Recuerdo un día que me confesaba con un cura que ya nos avisaban que le gritáramos pues era sordo, que muerta de vergüenza que me oyeran todas las demás, le dije que no tenía ningún pecado, y el cura me dijo que eso era imposible, y que por ‘faltar a la verdad’ tenía que rezar un rosario entero, cuando la ‘penitencia normal’ eran tres ‘Aves Marías’ y un ‘Padrenuestro’.
Yo creo que todavía conservo la cara de traviesona, pues si no no entiendo la ‘lucidez’ de dicho sacerdote….
Eso me sirvió para la siguiente vez gritar tanto, que cuando terminé de confesarme, la monja me castigó con escribir cien veces ‘no volveré a gritar en misa’, pues había provocado estallidos de risa en todas las niñas de la capilla. Desde luego, lo que estaba claro es que hicieras lo que hicieras, te la cargabas. Vaya injusticia más injusticiera.
Así que ahora sólo digo pequeñísimas mentiras piadosas. Pues creo que si dijéramos todo lo que pensamos de todo y de todos, nos íbamos a quedar más solos que la una. Y también como mi madre, recibo alguna crítica de las personas más cercanas de mi familia, pero estoy segura, bueno, estoy más que segura que ellos también las dicen, pues si no podríamos tener día sí y día también ‘pequeñas discusiones domésticas morrocotudas’.
Nada odio más que cuando salgo a la calle con cara de acelga, me venga la querida amiga de turno y me diga: ¿qué mala cara tienes, estás bien? En ese momento ves una ambulancia y la haces parar como si de un taxi se tratara. Total, se lo podía haber callado: yo no podía ya en ese momento hacer más que darme pequeños pellizcos en los mofletes, para que se me pusieran un poco más sonrosaditos, cual Escarlata O’Hara en ‘Lo que el viento se llevó’.
Y cuando has logrado adelgazar dos míseros kilitos, con el esfuerzo de dos meses de privaciones en los que ya empiezan tus ojos a parecerse a los de los pescados que te han tomado a la planchita o herviditos; los brazos a un ‘plis’ de elevarse como alitas de pollo, de ese que ya también estás cansada de tomar, y la cara del color de la crema de calabacín y puerros y que te venga tu amiga, la que presume de ser la más sincera del mundo y te dice, ¿has engordado un poquito, eh?, ¡cómo se nota lo bien que vives!.
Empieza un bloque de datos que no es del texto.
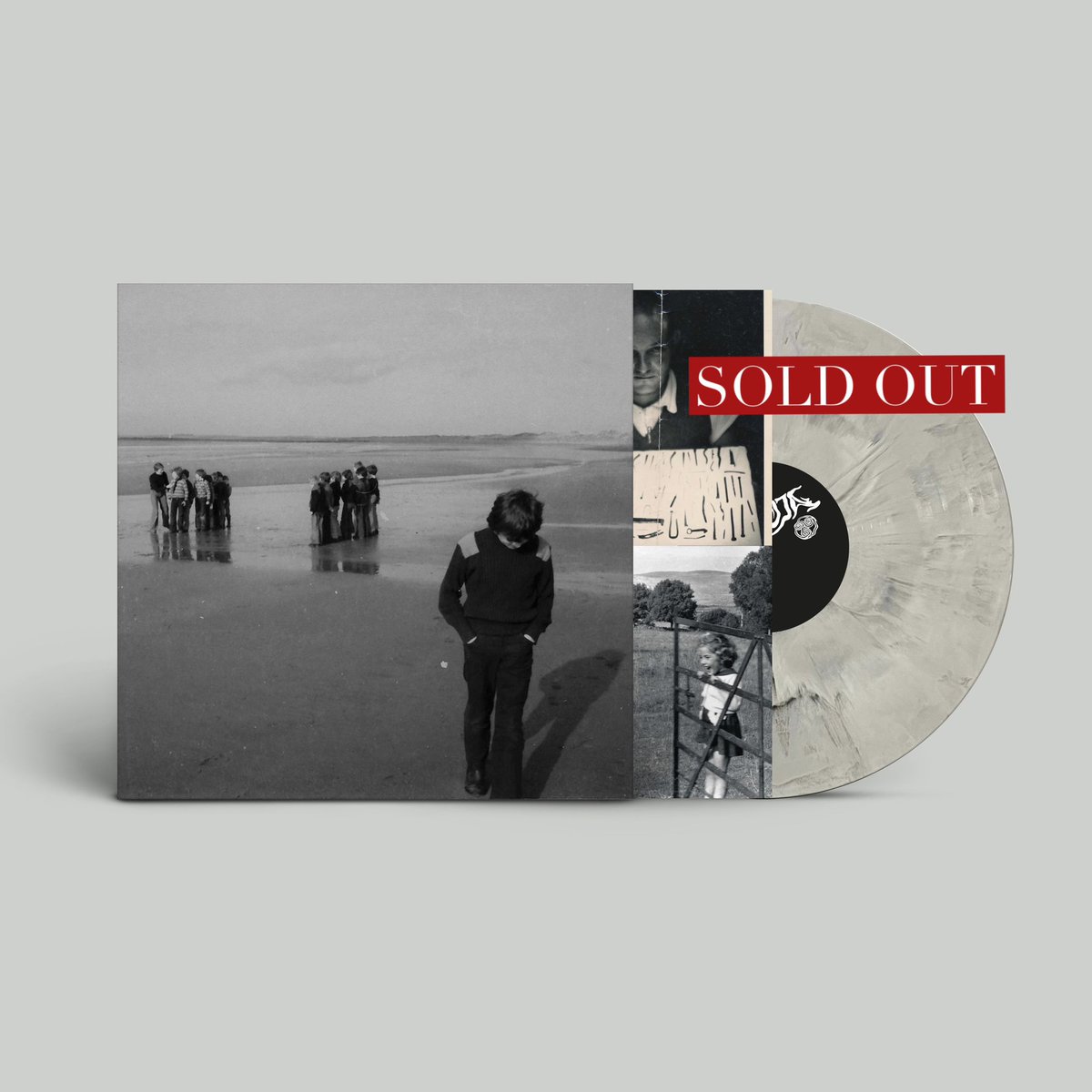 Madness. In less than 24hrs the Limited Edition Gatefolds of Connla’s Well have sold out As has the re-press of Knocknarea! (These vinyls will still be available on our upcoming tour)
En ese momento la sinceridad de tu amiga se la pondrías por sombrero por no decir alguna cosa más fea, de esas que no te enseñaron las monjas.
Así que, si hay alguna persona que esté libre del pecado de decir alguna mentirijilla piadosa, que tire la primera piedra. Y si lo hay, que por favor me avise para evitar el pedrusco, pues puede que sea algo mentirosilla, pero tonta de remate, ¡hasta ahí podíamos llegar!